There has been much in the news recently of global companies paying employees to live, and therefore sleep, at their work premises. There has been long standing debates in the Employment Appeal Tribunal as to when an employer can avoid paying an employee who is permitted to sleep at the work premises. Usually, this involves managers at care homes or security guards.
There is vast case law on this subject. There are two major cases involving doctors. In both cases, the doctors were permitted to sleep and carry out leisure activities but had to remain on the work premises. The doctors were not allowed to be at a place of their choosing and had to be available for work at all times. The Court held that this is working time and the doctors should be paid.

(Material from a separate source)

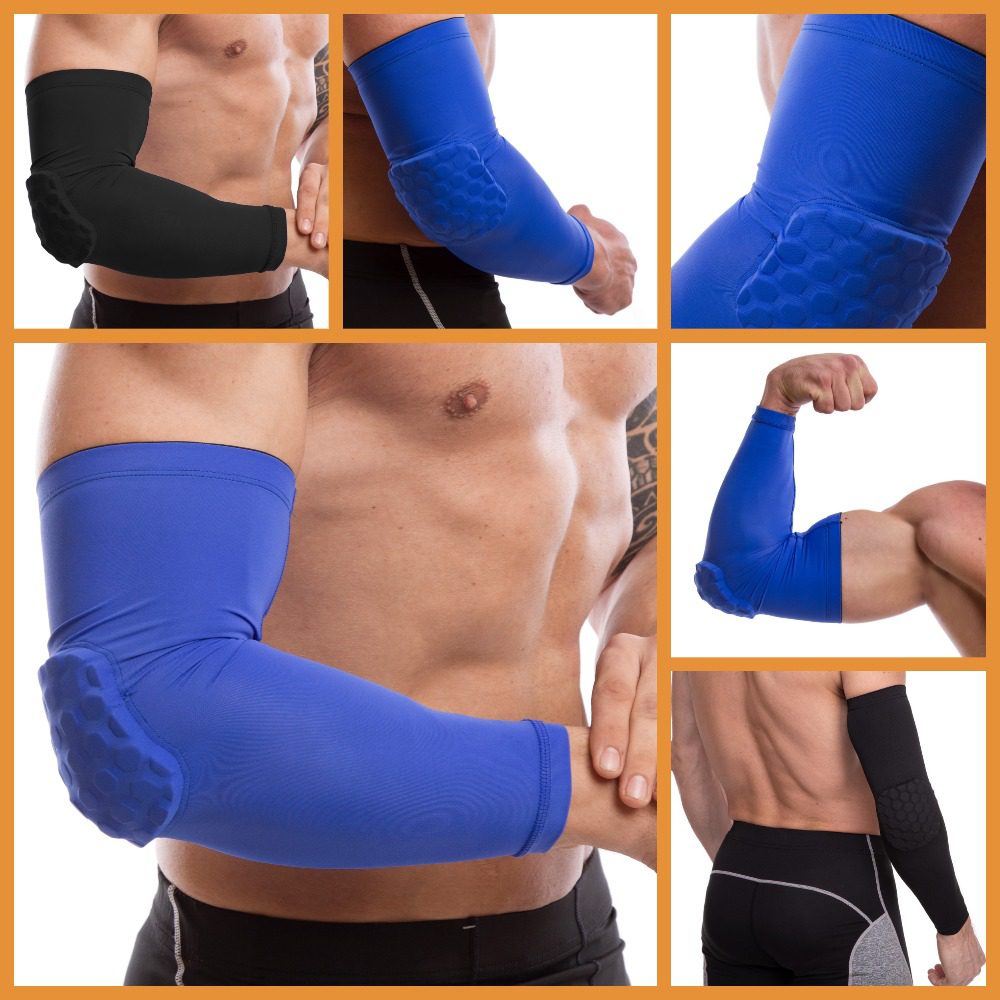 налоккол2 Налокотник спортивний компресійний довгий чорний, розміри S-XL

However, a contradiction of this is the National Minimum Wage Regulations 1999 which allows an employer to avoid paying an employee if there home is at the work premises or the work premises has suitable facilities for sleeping.
The deciding factor appears to be the nature of the work that the employee has to carry out. For example, in one case, a residential warden in a sheltered housing development were required to remain onsite but not to carry out their main duties. The Employment Appeal Tribunal decided that the wardens were not carrying out their main job and were merely on call, and therefore not working.
It is a burden if an employee is required to be at the work premises at all times, even if the employee lives there. The employee is under the control of the employer. There is no freedom for the employee to take a leisurely stroll into town or go on days out with family and friends. Due to this, the employee should be compensated for the requirement of having to staff at the work premises.